***** Collected material

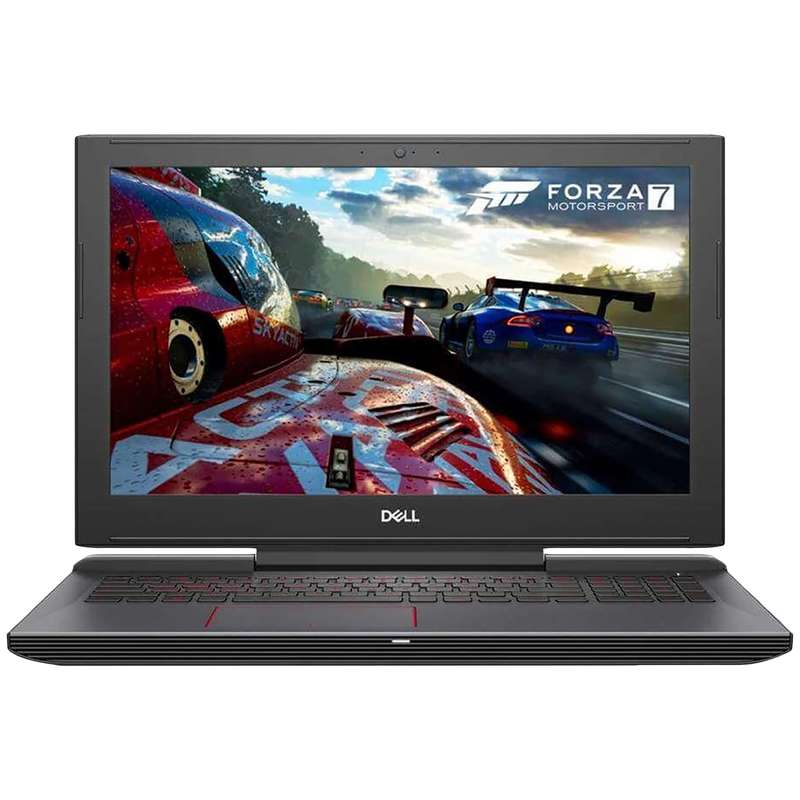 لپ تاپ 15 اینچی دل مدل Inspiron 7577 - B لپ تاپ 15 اینچی دل مدل Inspiron 7577 - B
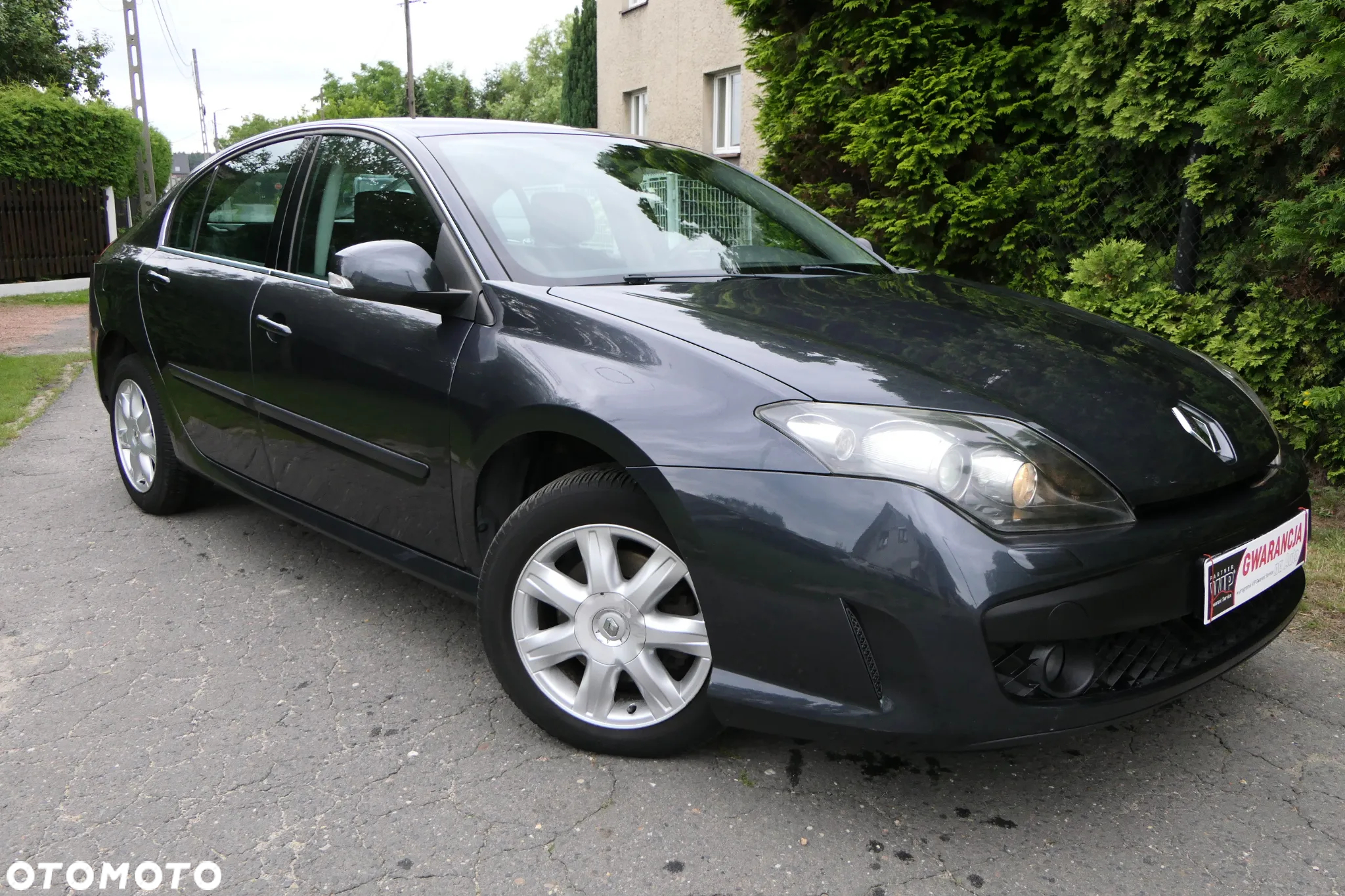 Renault Laguna 2.0 16V Dynamique - 3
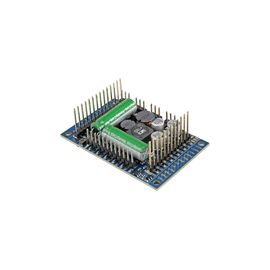 LokSound 5 XL DCC/MM/SX/M4 Barrettes à broches G I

**********

What is needed is the data above, retyped exactly, with every picture left out.

- _Your solution_:
 لپ تاپ 15 اینچی دل مدل Inspiron 7577 - B لپ تاپ 15 اینچی دل مدل Inspiron 7577 - B
 Renault Laguna 2.0 16V Dynamique - 3
 LokSound 5 XL DCC/MM/SX/M4 Barrettes à broches G I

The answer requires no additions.